Il incombe donc à chaque traducteur de prouver que l’on peut traduire et penser conjointement ou, pour mieux dire, que la pensée sert la traduction et vice-versa. Certains se sont attelés avec excellence à cette tâche : Georges Hérelle a traduit coup sur coup plusieurs romans de Vicente Blasco Ibañez, M. Bixio a donné Boue et roseaux (1905) du même auteur mais aussi Miséricorde de Benito Pérez Galdós ; Valery Larbaud a signé une traduction d'Echantillons de Ramón Gómez de la Serna. Mis à part ces œuvres, citées à titre d'exemple, c'est surtout la foisonnante production des écrivains latino-américains qui intéressent les maisons d’édition d’aujourd’hui et leurs traducteurs ; citons parmi les auteurs les plus traduits Miguel Angel Asturias, Ernesto Sabato Julio Cortázar, Jorge Borges, Gabriel García Márquez, Carlos Fuentes, Alejo Carpentier, Pablo Neruda, Luís Cernuda…
Est-ce à dire que la traduction des auteurs du Siècle d’or n’intéresse plus le public d’aujourd’hui et qu’il n’est nul besoin de remettre sur le métier les grandes œuvres classiques ? Le succès rencontré par le Don Quichotte nouvellement traduit, dépoussiéré a-t-on écrit, en 2001 par Aline Schulman, apporte un premier démenti.
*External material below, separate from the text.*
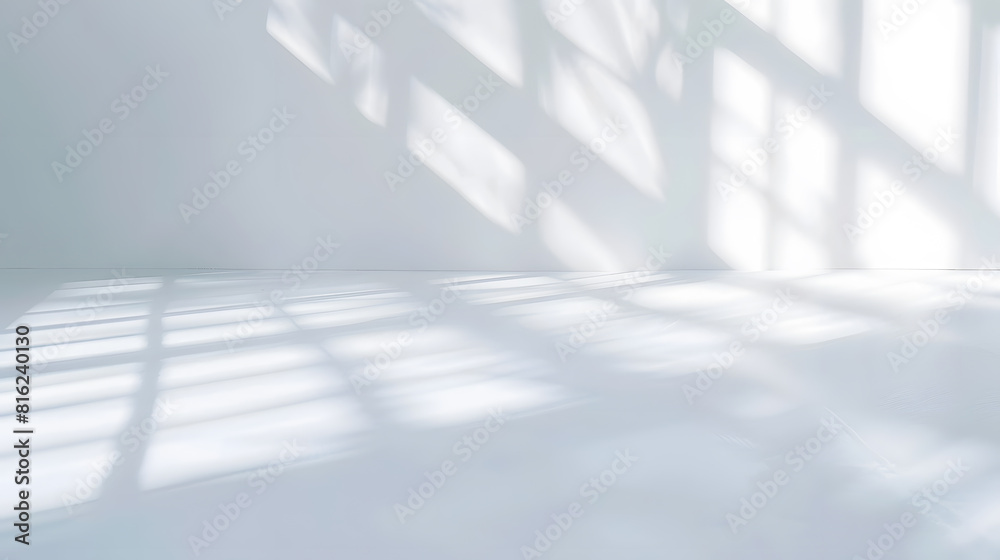 Fototapete Abstract white studio background for product presentation Empty room with shadows of window Display product with blurred backdrop : Generative AI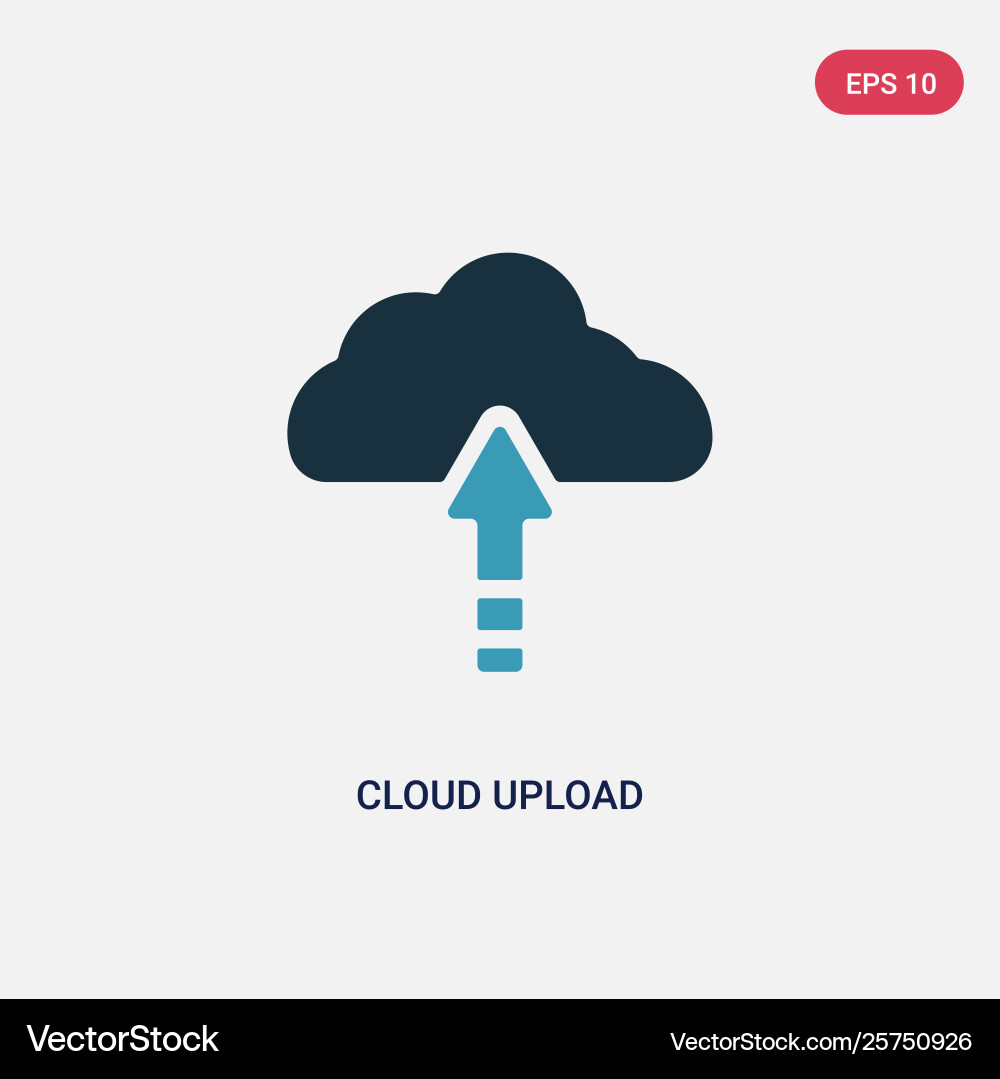 Two color cloud upload icon from user interface Two color cloud upload icon from user interface vector image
On se doit de citer également comme traducteurs des auteurs du Siècle d’or espagnol Jean Bourg, qui s’est s'intéressé au grand représentant baroque de la fin de l'Âge d'or, Francisco Quevedo, dont il a traduit en 1981 le chef-d'oeuvre L'Heure de tous. Florence Delay a proposé en 1989 une version moderne de La Celestina de Fernando de Rojas qui fut jouée par la suite au Théâtre de l’Odéon à Paris avec Jeanne Moreau dans le rôle titre. En plus de cette œuvre, ce sont principalement les dramaturges du Siècle d'or espagnol qui fascinent à l’époque contemporaine des traducteurs, et non des moindres comme Alexandre Arnoux qui traduit La Vie est un songe de Calderón, Albert Camus traducteur de nombreuses pièces de Calderón et de Lope de Vega, Jules Supervielle qui donne en 1956 L'Etoile de Séville de Lope de Vega, Maurice Clavel qui signe une version du Don Juan de Tirso de Molina, et, enfin, Georges Pillement qui, en plus du Rufian heureux de Cervantès, traduit des pièces de Calderón, de Lope de Vega et de Tirso de Molina.
Une fois immergé dans l’esprit que d’aucuns qualifient de siècledoriste, l’apprenti traducteur, armé de sa connaissance des mentalités, des débats, des mœurs et des inquiétudes d’une époque certes révolue mais qui nous tend souvent un miroir grossissant et dérangeant, saura alors déjouer l’anachronisme — danger qui sans relâche guette —, remettre sur pied une syntaxe enjouée et quelque peu libertine afin de transporter le génie de l’écriture d’une langue à l’autre. Entreprise ardue que celle d’un traducteur de textes classiques, où l’érudition doit aller de pair avec la plus extrême rigueur, sans toutefois négliger l’intuition d’un mot, d’une résonance, intuition qui nous livrera, enfin et après moult efforts, le sens et l’humanité du texte.